DATA PROVIDED:
--
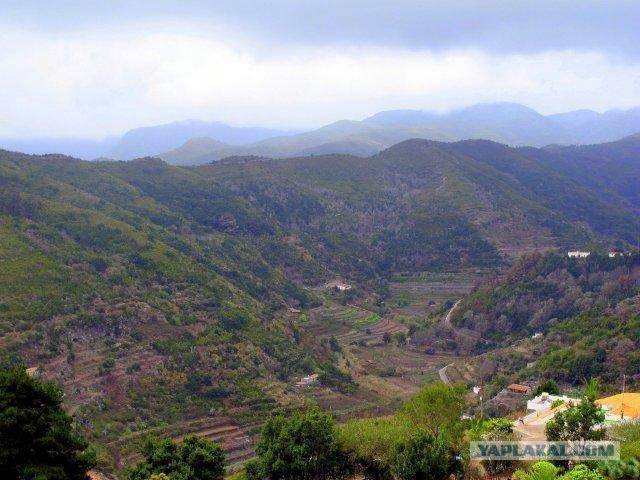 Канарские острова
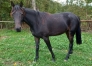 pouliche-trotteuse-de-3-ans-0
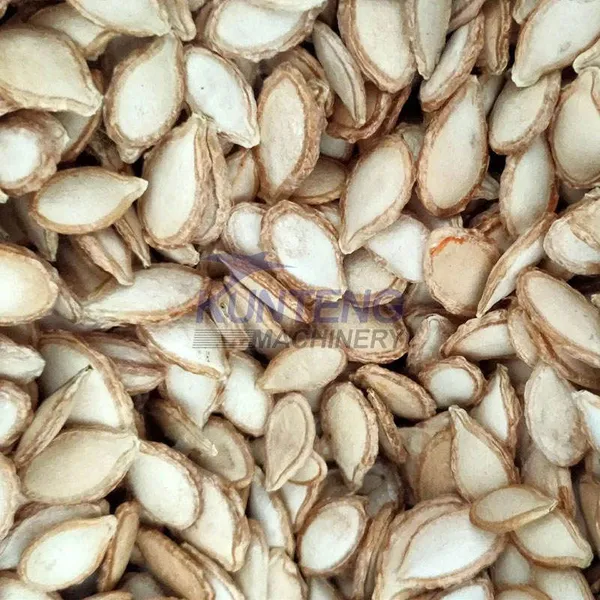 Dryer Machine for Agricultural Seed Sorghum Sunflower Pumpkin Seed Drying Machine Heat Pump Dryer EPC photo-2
--
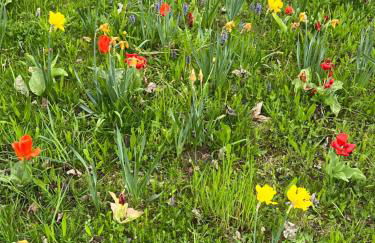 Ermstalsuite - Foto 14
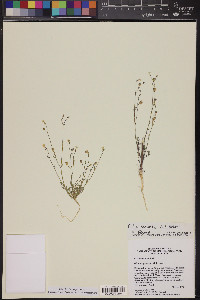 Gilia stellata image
--
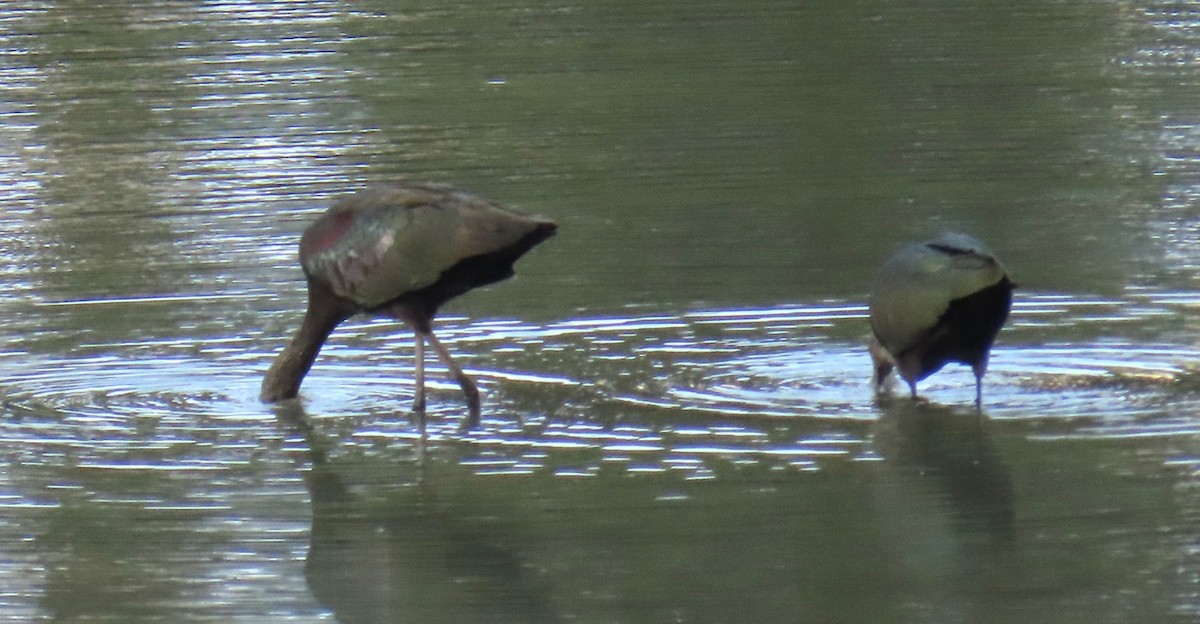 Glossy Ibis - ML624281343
--
YOUR GOAL: Look through the listing above for the line with "pouliche-trotteuse-de-3-ans-0" and the line with "Dryer Machine for". Write out exactly those lines and everything between, leaving out pictures.

EXPECTED ANSWER:
 pouliche-trotteuse-de-3-ans-0
 Dryer Machine for Agricultural Seed Sorghum Sunflower Pumpkin Seed Drying Machine Heat Pump Dryer EPC photo-2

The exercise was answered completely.